Exercise description: Repeat the lines from the line with "Midori Concept Hotel" to the line with "30412 PERMADYNE GARANT" in the listing below, keeping both end lines and adding nothing.

Material for this task:
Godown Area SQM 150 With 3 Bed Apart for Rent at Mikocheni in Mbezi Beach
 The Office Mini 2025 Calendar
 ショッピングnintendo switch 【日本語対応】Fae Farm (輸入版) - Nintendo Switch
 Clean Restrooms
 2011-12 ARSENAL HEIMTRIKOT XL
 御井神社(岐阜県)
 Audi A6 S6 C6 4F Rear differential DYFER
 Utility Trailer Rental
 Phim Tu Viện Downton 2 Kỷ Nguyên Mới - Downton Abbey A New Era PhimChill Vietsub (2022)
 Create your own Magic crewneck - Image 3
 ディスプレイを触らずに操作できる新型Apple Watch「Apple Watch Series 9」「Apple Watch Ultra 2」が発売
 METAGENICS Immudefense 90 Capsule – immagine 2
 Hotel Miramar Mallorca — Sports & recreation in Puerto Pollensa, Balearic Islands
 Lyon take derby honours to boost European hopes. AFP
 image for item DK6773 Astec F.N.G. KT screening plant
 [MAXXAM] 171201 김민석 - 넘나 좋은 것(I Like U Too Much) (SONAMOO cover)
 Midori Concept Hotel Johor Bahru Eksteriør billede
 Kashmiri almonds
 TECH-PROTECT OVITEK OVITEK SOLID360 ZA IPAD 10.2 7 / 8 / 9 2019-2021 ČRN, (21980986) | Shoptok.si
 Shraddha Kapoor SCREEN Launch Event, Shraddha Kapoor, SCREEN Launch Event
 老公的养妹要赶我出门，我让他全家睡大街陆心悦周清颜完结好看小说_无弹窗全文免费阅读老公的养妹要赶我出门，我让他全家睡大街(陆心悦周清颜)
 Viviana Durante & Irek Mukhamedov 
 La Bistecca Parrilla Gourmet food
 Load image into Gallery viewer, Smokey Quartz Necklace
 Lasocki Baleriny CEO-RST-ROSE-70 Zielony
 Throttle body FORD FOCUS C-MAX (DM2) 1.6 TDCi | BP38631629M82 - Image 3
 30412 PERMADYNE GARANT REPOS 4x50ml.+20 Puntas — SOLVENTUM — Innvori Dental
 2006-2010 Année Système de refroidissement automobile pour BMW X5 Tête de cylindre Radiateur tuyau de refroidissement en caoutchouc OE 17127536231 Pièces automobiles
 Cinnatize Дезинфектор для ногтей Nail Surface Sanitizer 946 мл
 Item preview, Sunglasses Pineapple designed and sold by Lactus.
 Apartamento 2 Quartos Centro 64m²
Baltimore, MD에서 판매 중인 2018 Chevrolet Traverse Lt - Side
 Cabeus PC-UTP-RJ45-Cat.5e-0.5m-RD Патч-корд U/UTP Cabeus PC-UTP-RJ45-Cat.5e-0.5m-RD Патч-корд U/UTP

Output below:
 Midori Concept Hotel Johor Bahru Eksteriør billede
 Kashmiri almonds
 TECH-PROTECT OVITEK OVITEK SOLID360 ZA IPAD 10.2 7 / 8 / 9 2019-2021 ČRN, (21980986) | Shoptok.si
 Shraddha Kapoor SCREEN Launch Event, Shraddha Kapoor, SCREEN Launch Event
 老公的养妹要赶我出门，我让他全家睡大街陆心悦周清颜完结好看小说_无弹窗全文免费阅读老公的养妹要赶我出门，我让他全家睡大街(陆心悦周清颜)
 Viviana Durante & Irek Mukhamedov 
 La Bistecca Parrilla Gourmet food
 Load image into Gallery viewer, Smokey Quartz Necklace
 Lasocki Baleriny CEO-RST-ROSE-70 Zielony
 Throttle body FORD FOCUS C-MAX (DM2) 1.6 TDCi | BP38631629M82 - Image 3
 30412 PERMADYNE GARANT REPOS 4x50ml.+20 Puntas — SOLVENTUM — Innvori Dental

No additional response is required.